- [Work item]:
Check each line of the entries for "White" and report the ones that have it.
#### Listed records
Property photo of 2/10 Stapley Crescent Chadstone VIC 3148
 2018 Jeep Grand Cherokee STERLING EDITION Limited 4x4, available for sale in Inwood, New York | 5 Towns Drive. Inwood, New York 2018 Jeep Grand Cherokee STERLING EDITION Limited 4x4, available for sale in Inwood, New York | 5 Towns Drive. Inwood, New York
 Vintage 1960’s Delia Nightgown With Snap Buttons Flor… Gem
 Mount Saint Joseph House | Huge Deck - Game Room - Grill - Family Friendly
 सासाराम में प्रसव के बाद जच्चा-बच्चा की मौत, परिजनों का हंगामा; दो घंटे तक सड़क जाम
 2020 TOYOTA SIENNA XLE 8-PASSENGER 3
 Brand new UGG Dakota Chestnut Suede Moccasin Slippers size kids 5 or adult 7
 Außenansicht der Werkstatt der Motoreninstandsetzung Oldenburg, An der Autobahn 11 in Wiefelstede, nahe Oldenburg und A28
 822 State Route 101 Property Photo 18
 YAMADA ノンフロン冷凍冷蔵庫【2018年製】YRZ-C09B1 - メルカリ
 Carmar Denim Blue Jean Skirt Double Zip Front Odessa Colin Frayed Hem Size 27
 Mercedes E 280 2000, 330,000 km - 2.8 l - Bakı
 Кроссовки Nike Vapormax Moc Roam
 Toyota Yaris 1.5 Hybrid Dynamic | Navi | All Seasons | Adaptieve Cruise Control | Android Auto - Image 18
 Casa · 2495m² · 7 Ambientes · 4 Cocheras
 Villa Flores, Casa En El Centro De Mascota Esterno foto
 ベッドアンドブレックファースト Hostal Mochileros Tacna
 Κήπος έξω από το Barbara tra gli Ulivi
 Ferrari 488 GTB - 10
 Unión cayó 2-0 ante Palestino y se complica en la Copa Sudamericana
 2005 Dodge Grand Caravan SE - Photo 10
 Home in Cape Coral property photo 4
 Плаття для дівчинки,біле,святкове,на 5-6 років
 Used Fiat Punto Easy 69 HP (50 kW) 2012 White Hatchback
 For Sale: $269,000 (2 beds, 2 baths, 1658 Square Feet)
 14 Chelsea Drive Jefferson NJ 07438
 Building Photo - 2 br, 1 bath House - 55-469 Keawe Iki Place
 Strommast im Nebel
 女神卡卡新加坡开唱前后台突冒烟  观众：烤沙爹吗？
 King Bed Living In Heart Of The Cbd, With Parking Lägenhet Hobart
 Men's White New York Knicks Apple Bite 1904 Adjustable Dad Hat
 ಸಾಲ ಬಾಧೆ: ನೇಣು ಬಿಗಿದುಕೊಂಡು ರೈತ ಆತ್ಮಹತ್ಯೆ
########
- [Output of the exercise]:
 Used Fiat Punto Easy 69 HP (50 kW) 2012 White Hatchback
 Men's White New York Knicks Apple Bite 1904 Adjustable Dad Hat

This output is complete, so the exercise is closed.